楽しみにしている人がいると心強い

まいにち飲んでみようかと考えて養命酒を1本買った。最初のうちは毎晩しっかり飲んでいたのだけど、取り組みとしての鮮度が低まった頃合いで飲み忘れることが増え、そのうち飲まなくなって瓶だけが台所に飾られるようなありさまになった。

このままではと気持ちを入れ替え最後まで飲み切ったのがつい最近、瓶とキャップは資源ごみに出して、でも計量用のカップだけは捨てなかった。

飲むときに適量をはかる小さな透明のプラスチックのカップは、底に鳳凰らしき柄がエンボス加工してある。なんかちょっと良い物で、人情的に捨てられない。

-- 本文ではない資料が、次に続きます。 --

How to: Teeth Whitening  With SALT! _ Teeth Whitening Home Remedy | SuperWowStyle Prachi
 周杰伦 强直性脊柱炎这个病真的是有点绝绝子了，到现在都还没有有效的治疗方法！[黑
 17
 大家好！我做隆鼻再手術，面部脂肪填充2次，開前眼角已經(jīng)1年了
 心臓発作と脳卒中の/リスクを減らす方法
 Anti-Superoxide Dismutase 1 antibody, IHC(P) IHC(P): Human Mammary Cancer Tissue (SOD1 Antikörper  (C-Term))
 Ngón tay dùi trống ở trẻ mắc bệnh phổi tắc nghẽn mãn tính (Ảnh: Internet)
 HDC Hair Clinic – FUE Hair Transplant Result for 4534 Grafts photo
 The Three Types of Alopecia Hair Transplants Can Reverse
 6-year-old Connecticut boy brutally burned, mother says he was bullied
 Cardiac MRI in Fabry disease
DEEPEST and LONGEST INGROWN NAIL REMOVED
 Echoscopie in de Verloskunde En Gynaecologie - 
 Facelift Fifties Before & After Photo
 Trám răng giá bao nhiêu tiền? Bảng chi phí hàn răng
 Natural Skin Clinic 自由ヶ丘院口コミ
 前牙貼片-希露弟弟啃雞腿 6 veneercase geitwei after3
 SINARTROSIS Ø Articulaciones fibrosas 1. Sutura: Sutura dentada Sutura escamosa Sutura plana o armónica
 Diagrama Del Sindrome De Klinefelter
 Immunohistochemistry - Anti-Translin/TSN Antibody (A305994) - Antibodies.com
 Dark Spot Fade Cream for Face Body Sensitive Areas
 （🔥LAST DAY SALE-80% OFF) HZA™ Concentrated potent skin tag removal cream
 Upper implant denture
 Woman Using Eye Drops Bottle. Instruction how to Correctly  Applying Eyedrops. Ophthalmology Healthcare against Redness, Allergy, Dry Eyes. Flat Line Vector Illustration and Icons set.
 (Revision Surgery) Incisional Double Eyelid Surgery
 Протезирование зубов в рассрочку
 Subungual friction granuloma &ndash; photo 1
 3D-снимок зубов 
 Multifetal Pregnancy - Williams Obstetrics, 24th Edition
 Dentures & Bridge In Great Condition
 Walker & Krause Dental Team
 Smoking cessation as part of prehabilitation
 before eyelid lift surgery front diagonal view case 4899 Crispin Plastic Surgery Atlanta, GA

とはいえとっておいてもなあ、どうしようもないなあと、思っていたらこれが大きな間違いで、起き抜けに口をゆすぐのにぴったりなのだった。入る容量は30ml。少ない。でも使ってみるとしっかり足りる。

口をゆすぐのにそんなにたくさん水っていらないんだな~と、養命酒を飲み切ることにより知る、人生のかがやきとはこういうことではないか。

今日も口をゆすいでカップの便利さにしびれ、朝食の用意をしていると息子が起きてきた。「たやすいことを『赤子の手をひねる』というけれど、道義的にも感情的にもむしろそれはいちばん難しいことなのではないか」と言う。

おはよう、そして、ほんとうにそうだね。

「赤子の手をひねる」という慣用句を見るごとに、そんなことはできないなと思う息子を想像して私は共鳴した。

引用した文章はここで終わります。